For the first fifteen centuries of Christianity the Mass was the focus of worship, and it
was true worship: the re-presentation of the sacrifice of Calvary. After the Reformation the
Mass disappeared among Protestants, and instead they had a "worship service." But the
worship was of a lower level. It no longer had a sacrificial element. It consisted instead
of prayers and hymns and preaching--all of which had been in the Mass, but now they were cut
off from the core of the Mass.
Over the centuries the fixed prayers became fewer and fewer. Today, in Evangelical services,
such prayers commonly are absent. To the extent prayers are used, they are extemporaneous.

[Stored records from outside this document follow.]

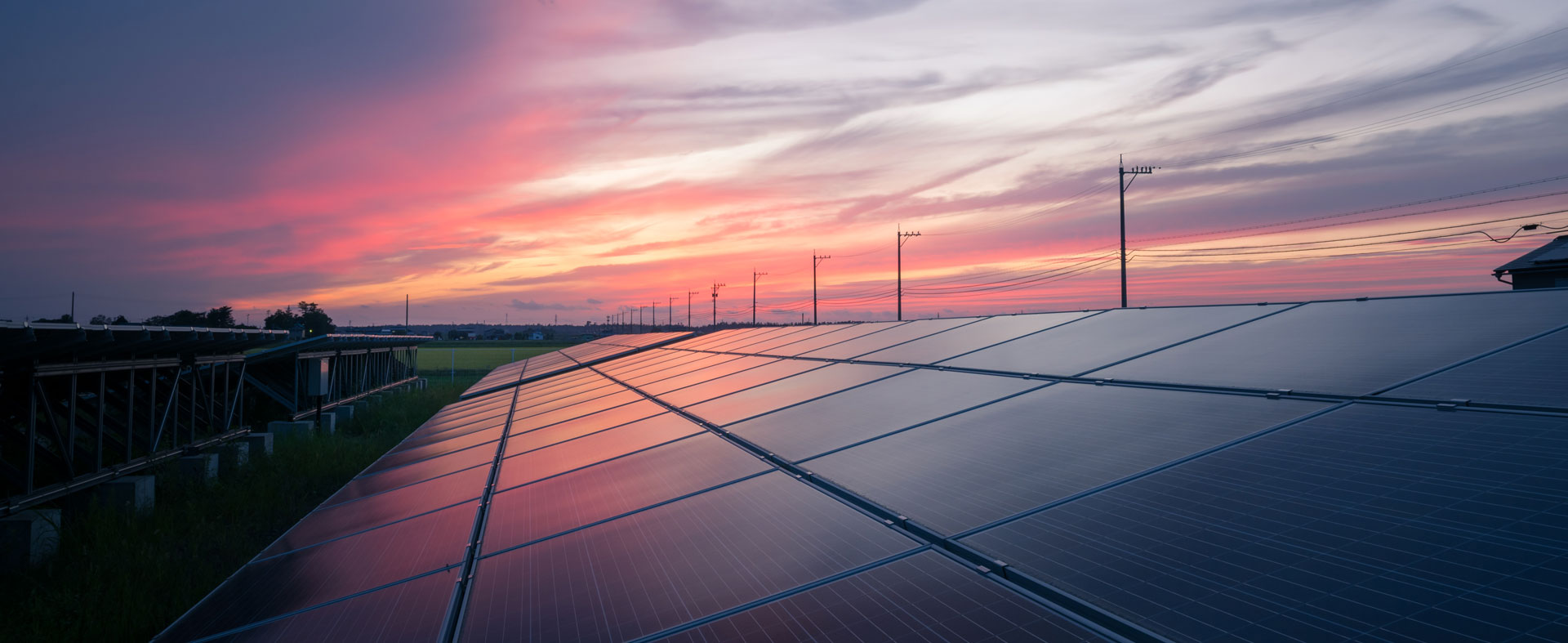 Solar Infrastructure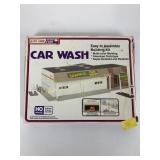 Train accessory Easy to assemble building kit car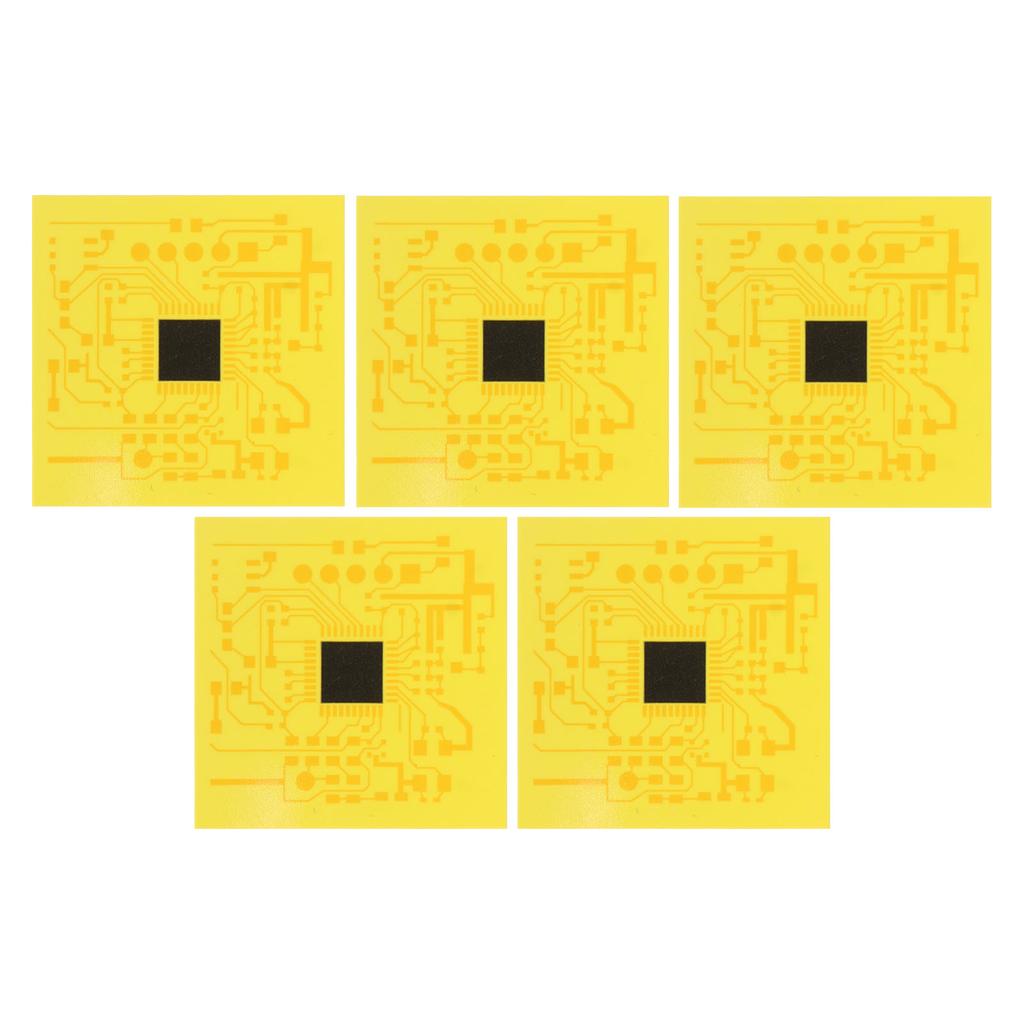 5 PCS Telefon Signal Aufkleber Handy Signal Verbesserung Aufkleber Handy Signal Booster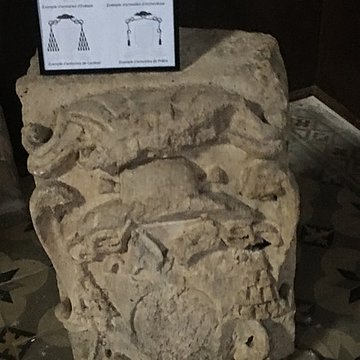 Église Saint-Victor de Montesquieu-Volvestre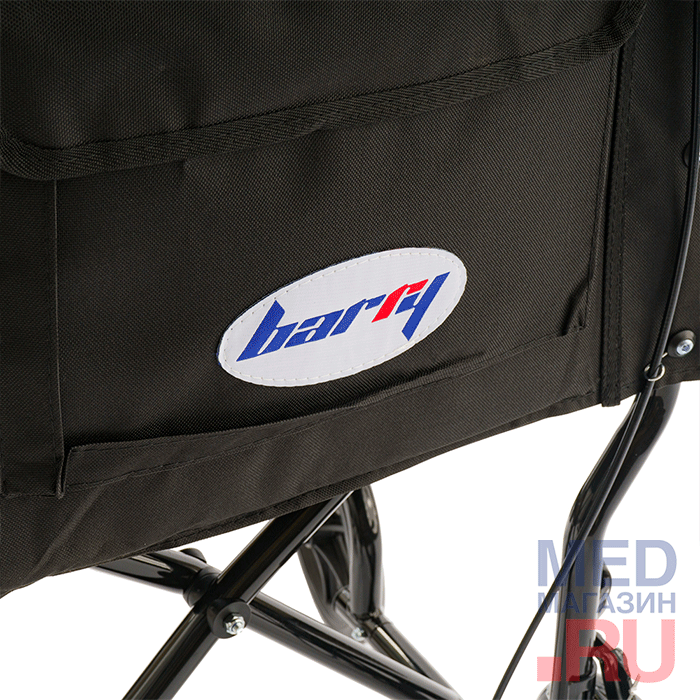 Кресло-каталка инвалидная Barry V4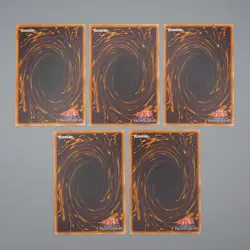 Yu-Gi-Oh Destiny Board DEATH LN-37 LN-38, 39, 40, 41 Ultra EX-VG Japanese q162 - Image 5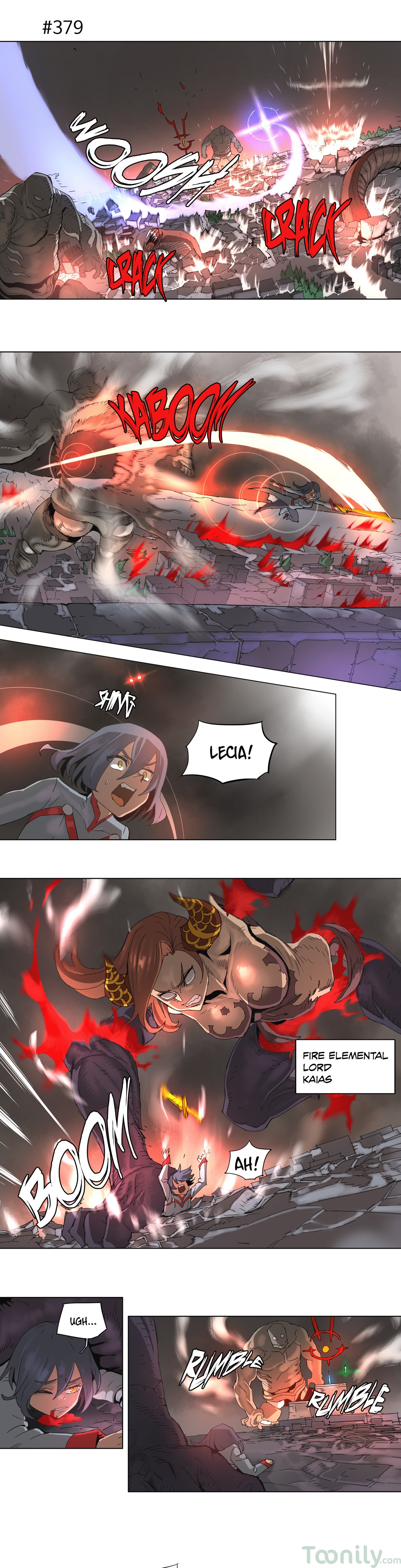 4 Cut Hero Chapter 69 image 6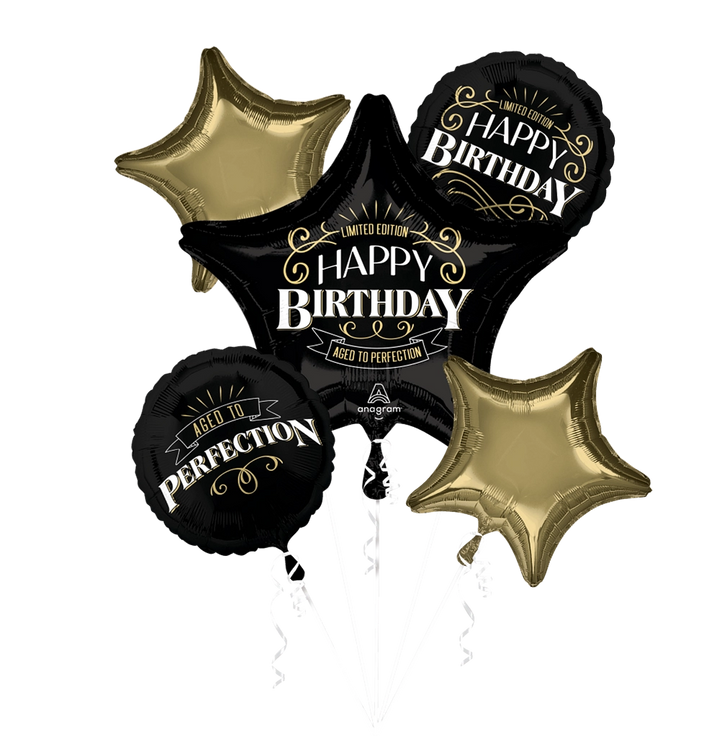 Aged to Perfection Bouquet Kit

As the fixed prayers disappeared, the emphasis fell on singing and preaching. In recent
years the singing has become less traditional and more in line with what one hears on the
radio or in secular concerts--thus the writer's complaints about the "'stage' where
musicians perform."
I can empathize with the writer's complaint. He thinks the sermon is more important than the
singing. After all, that is where the content is. The singing inspires, while the sermon
informs, and a muscular Christianity especially needs the latter. But how much information
can be gotten across in a sermon when most of the worship time is given over to fluff? He
hopes the solution lies in devoting more time, much more time, to the sermon.
But that is not the real solution. The real solution is bringing Calvary back into the sanctuary.